**Activity**: Output every record exactly, apart from its images.

*** Block opens ***

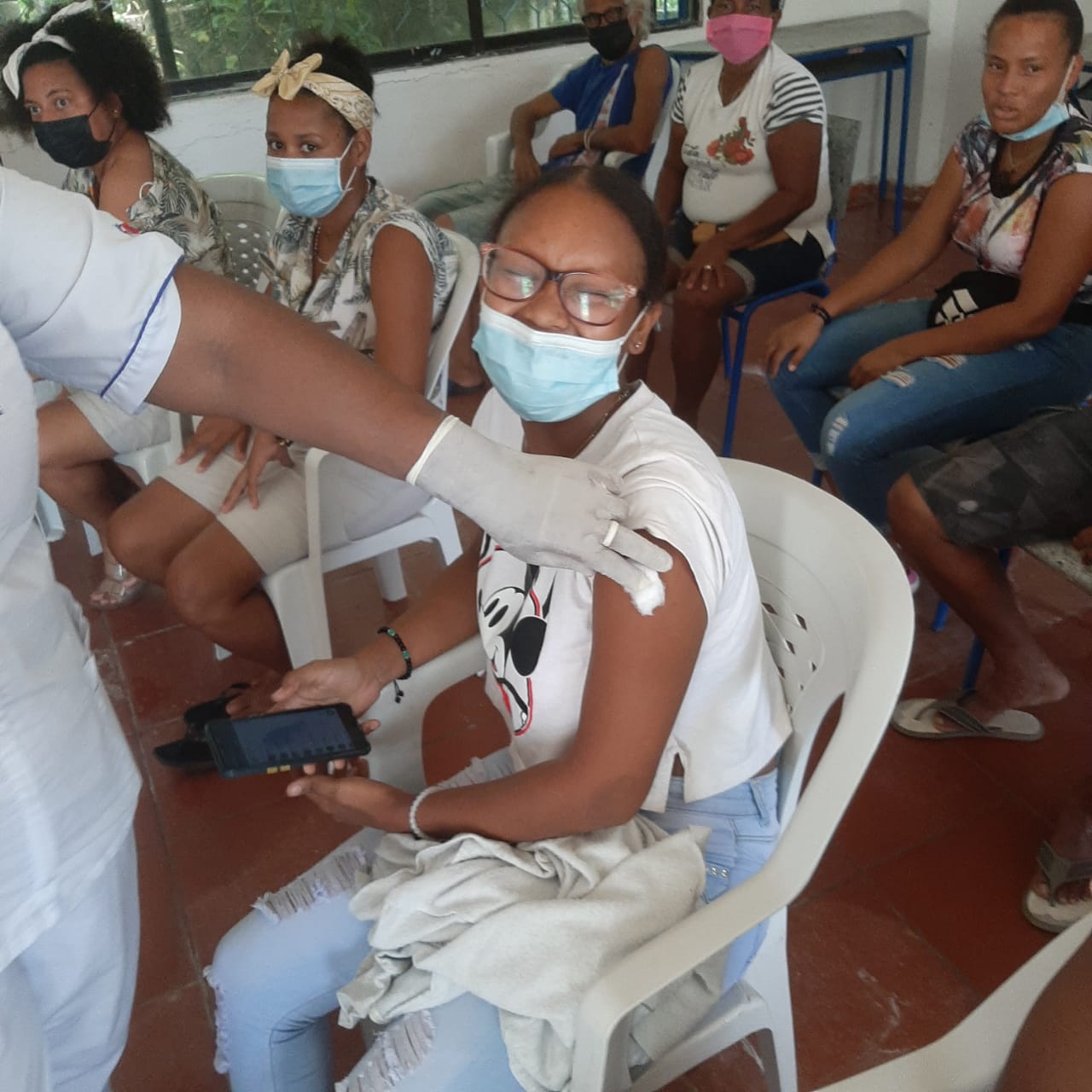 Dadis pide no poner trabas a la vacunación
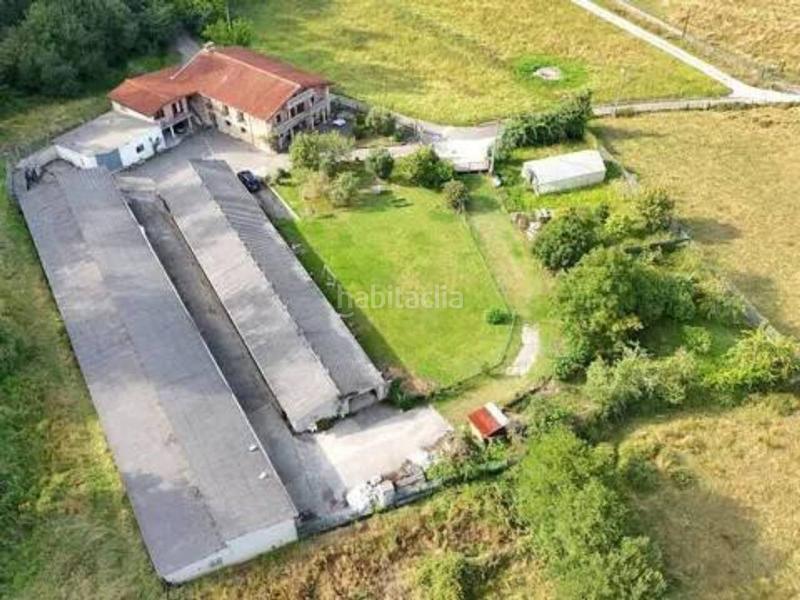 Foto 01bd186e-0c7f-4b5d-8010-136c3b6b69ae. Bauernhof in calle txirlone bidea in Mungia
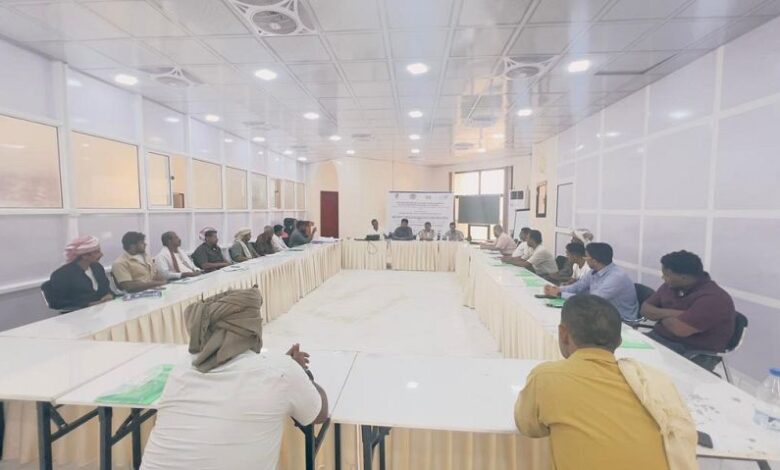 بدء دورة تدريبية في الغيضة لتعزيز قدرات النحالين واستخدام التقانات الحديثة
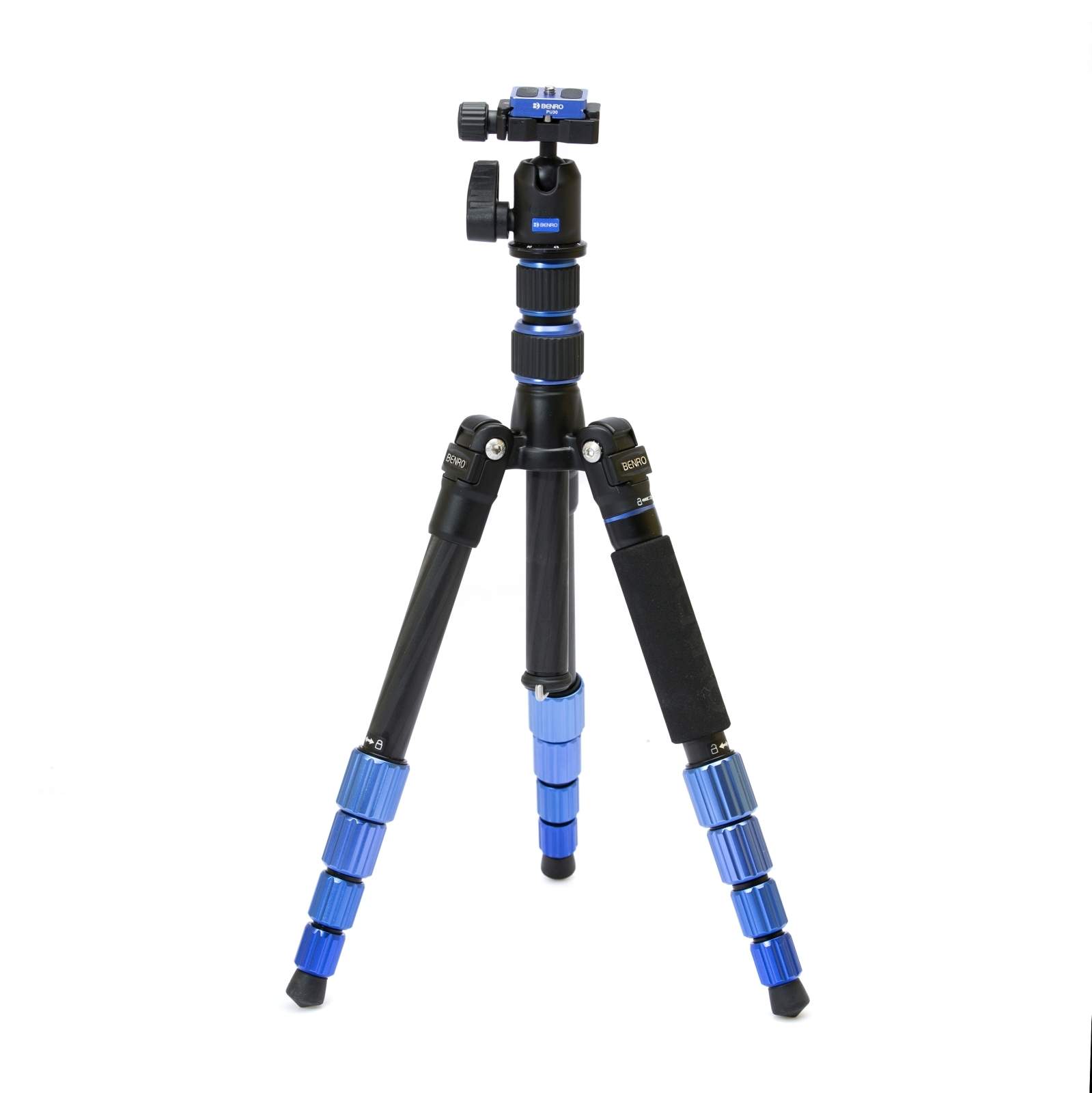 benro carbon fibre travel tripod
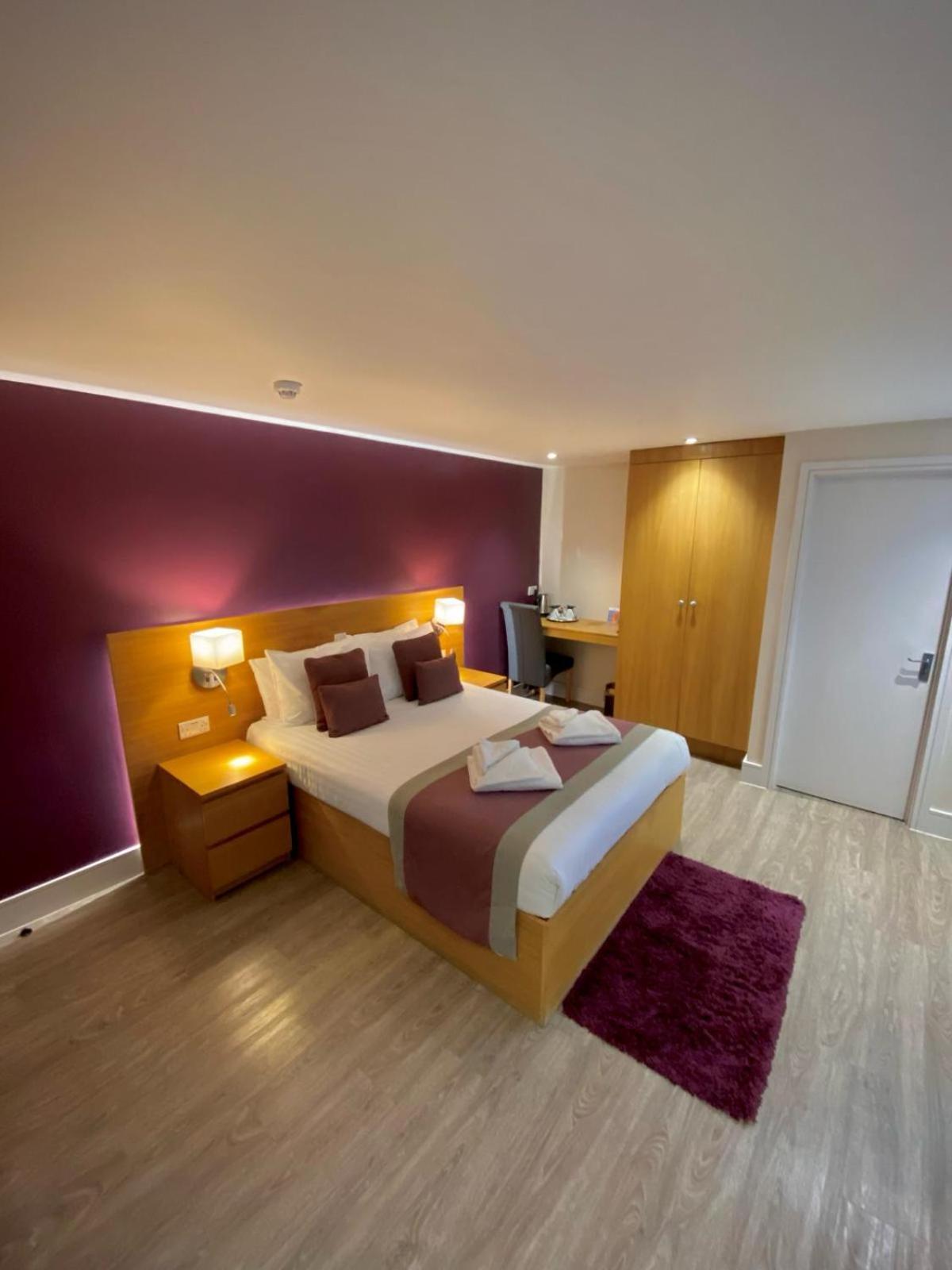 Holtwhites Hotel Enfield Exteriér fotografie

*** Block closes ***

**Problem solution**:
 Dadis pide no poner trabas a la vacunación
 Foto 01bd186e-0c7f-4b5d-8010-136c3b6b69ae. Bauernhof in calle txirlone bidea in Mungia
 بدء دورة تدريبية في الغيضة لتعزيز قدرات النحالين واستخدام التقانات الحديثة
 benro carbon fibre travel tripod
 Holtwhites Hotel Enfield Exteriér fotografie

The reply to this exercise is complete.